Dive Brief:
- Communities looking to upgrade their stormwater and sewer infrastructure can access $41 million in federal funds, the U.S. Environmental Protection Agency announced on May 9.
- The Sewer Overflow and Stormwater Reuse Municipal Grant program aims to prepare local stormwater collection systems to handle increasingly intense rain events driven by climate change and to prevent polluted runoff from entering creeks, streams and rivers.
- “Stormwater runoff is one of the biggest pollution challenges facing our water ecosystems,” said Bruno Pigott, EPA acting assistant administrator for water, in a statement.
Dive Insight:
Cities face a shifting stormwater picture that can affect infrastructure design. More frequent intense rain means that existing systems will exceed capacity more often, said Lauren McPhillips, an assistant professor of civil and environmental engineering at Penn State University, speaking at a December SciLine event.
Increasing urbanization also exacerbates the challenge. “One thing that’s common across any size city is that you have hard surfaces added, and that’s always going to have the same impact of preventing water from soaking into the ground,” she said. In cities with combined sewers, stormwater created by heavy rain events can prompt wastewater overflows.
Many pollutants, including trash, chemicals, oils and dirt, get carried along for the ride in stormwater runoff and end up in waterways, the EPA says. But managing that runoff can be expensive and complex, and bigger cities tend to have more financial resources to implement solutions, McPhillips said.
The Biden administration attempted to give smaller, less wealthy communities a leg up in the 2021 infrastructure law by setting aside a quarter of the funds for projects in small and/or financially distressed communities and preventing states from passing along cost-share requirements to those communities.
Green stormwater infrastructure, like rain gardens, is one way to help capture, slow down and improve the quality of runoff, McPhillips said. With that infrastructure, “We are holding that water back and slowing it down from reaching the storm sewers or some receiving water body,” she said.
She recommend a “systems approach” to thinking about green stormwater infrastructure, since a single piece of infrastructure won’t be able to handle all the runoff from a large storm.

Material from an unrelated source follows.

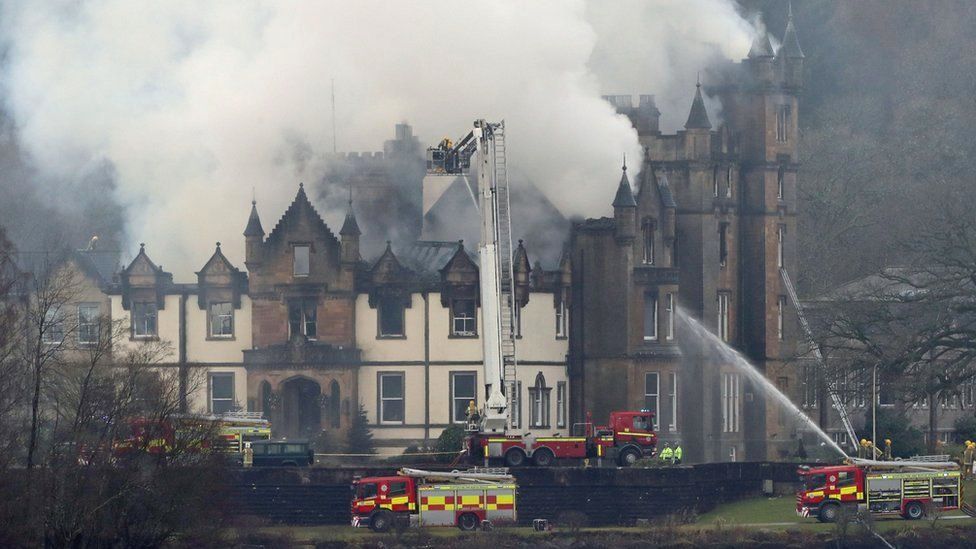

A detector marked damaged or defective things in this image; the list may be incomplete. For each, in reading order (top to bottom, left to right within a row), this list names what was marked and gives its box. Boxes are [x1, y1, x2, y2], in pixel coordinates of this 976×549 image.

“We have to think about, how can we actually plan for areas of our city to be OK with flooding?” she said. “This could mean designing our recreation infrastructure to also serve a dual purpose as stormwater retention infrastructure in a large event. If you can’t play soccer ... once a year because the field is flooded, that’s a lot better than having that water ending up into areas where it can have worse impacts.”